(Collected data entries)
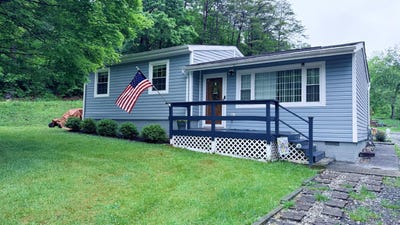 /international/us/166-coras-white-sulphur-springs-wv-110108299673/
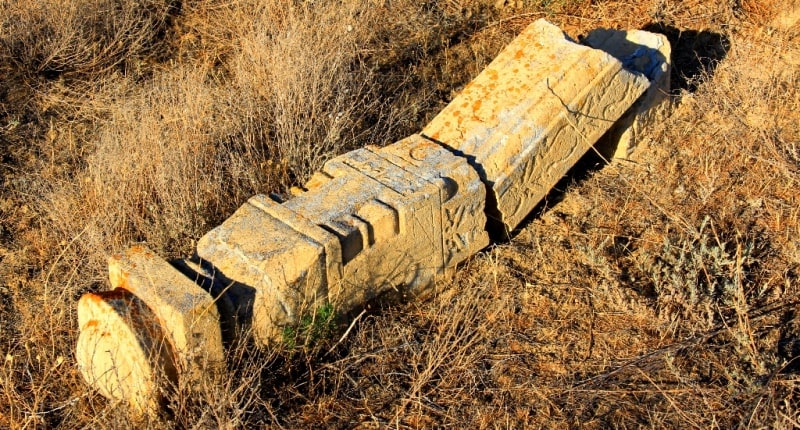 The necropolis Ushkan ata of the Atyrau region. 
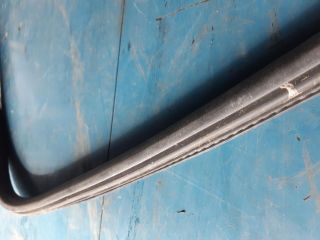 bontott SKODA OCTAVIA II Bal első Gumikéder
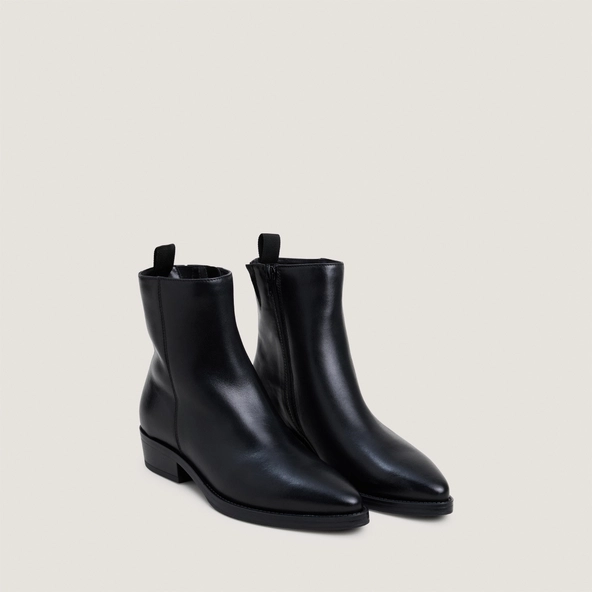 Bottines à talons plats et bouts pointus en cuir noir | CLARO | Jonak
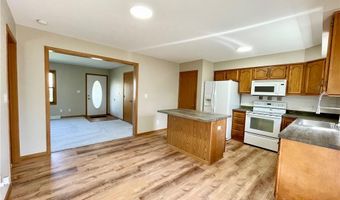 1410 SE Michael Dr, Ankeny, IA 50021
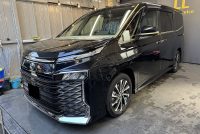 令和7年のヴォクシーの車コーティングのマスキング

Brief — Repeat all of the data above word for word, minus the pictures.

Solution for this problem —
 /international/us/166-coras-white-sulphur-springs-wv-110108299673/
 The necropolis Ushkan ata of the Atyrau region. 
 bontott SKODA OCTAVIA II Bal első Gumikéder
 Bottines à talons plats et bouts pointus en cuir noir | CLARO | Jonak
 1410 SE Michael Dr, Ankeny, IA 50021
 令和7年のヴォクシーの車コーティングのマスキング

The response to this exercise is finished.